The full-year forecast is consistent with the final target of the “Medium-Term Management Plan 2026,” and the first-quarter progress is substantial at just under 40% for operating and net income.
The full-year forecast remains unchanged, with net sales of 33.0 billion yen, operating profit of 4.4 billion yen, profit attributable to owners of parent of 3.1 billion yen, and net income per share of 240.06 yen. This level is consistent with the final year targets of the “Medium-Term Management Plan 2026” revised by the company in July 2025 (net sales of 33.0 billion yen, operating profit of 4.4 billion yen, net income of 3.1 billion yen, operating margin of 13.3%, ROE of 10.0%), and the consistency of the indicators can be confirmed. First-quarter results were net sales of 9.086 billion yen, operating profit of 1.712 billion yen, and quarterly profit attributable to the owners of the parent of 1.193 billion yen. Progress toward the full-year plan is strong, at approximately 27.5%, 38.9%, and 38.5%, respectively. The dividend is planned to continue at 120 yen per year (60 yen interim, 60 yen year-end), with no change.

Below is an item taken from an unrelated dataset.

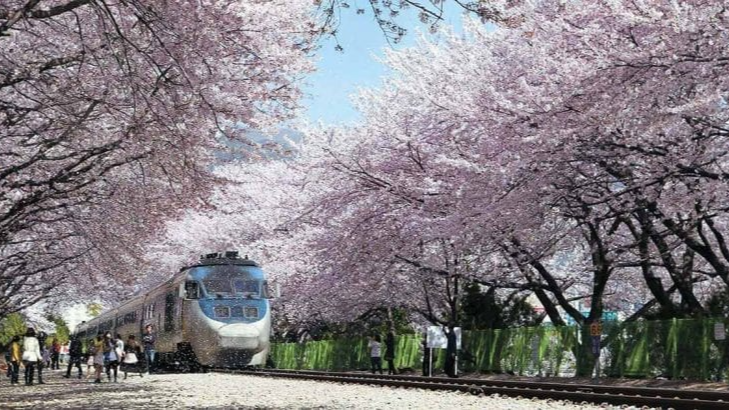 2025년 4월 국내 여행지 추천! 봄꽃과 함께 떠나는 최고의 여행지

There are two growth drivers. The first is the strengthening of the WizLabo group and expansion of the customer base in response to the increasing sophistication of disclosure demand, which the company attributes to driving revenue growth in the previous fiscal year. In addition, tailwinds from the system side, such as the sophistication of EDINET, IFRS adoption, and the mandatory simultaneous disclosure in Japanese and English, will be medium-term follow-up factors. The second is the launch of AI file translation by Takara Printing × ErudAite, which aims to reduce delivery time to one-tenth or less of the conventional time, and has the potential to meet the needs for English-language IR disclosure. The initiative of acquiring and educating prospective customers with “Takara Compass” also works in a complementary manner.
On the other hand, the risks include the obsolescence of knowledge due to the advancement of AI, as well as fluctuations in non-recurring projects resulting from a decrease in the number of IPOs and financing deals. In response, the company has clarified its policy of maintaining a competitive advantage by promptly incorporating AI technology and expanding the functions of its products. On the capital policy front, there was the use of treasury stock for compensation and a change in the top shareholder, but at this point, there is no particular explanation of the impact on the earnings forecast.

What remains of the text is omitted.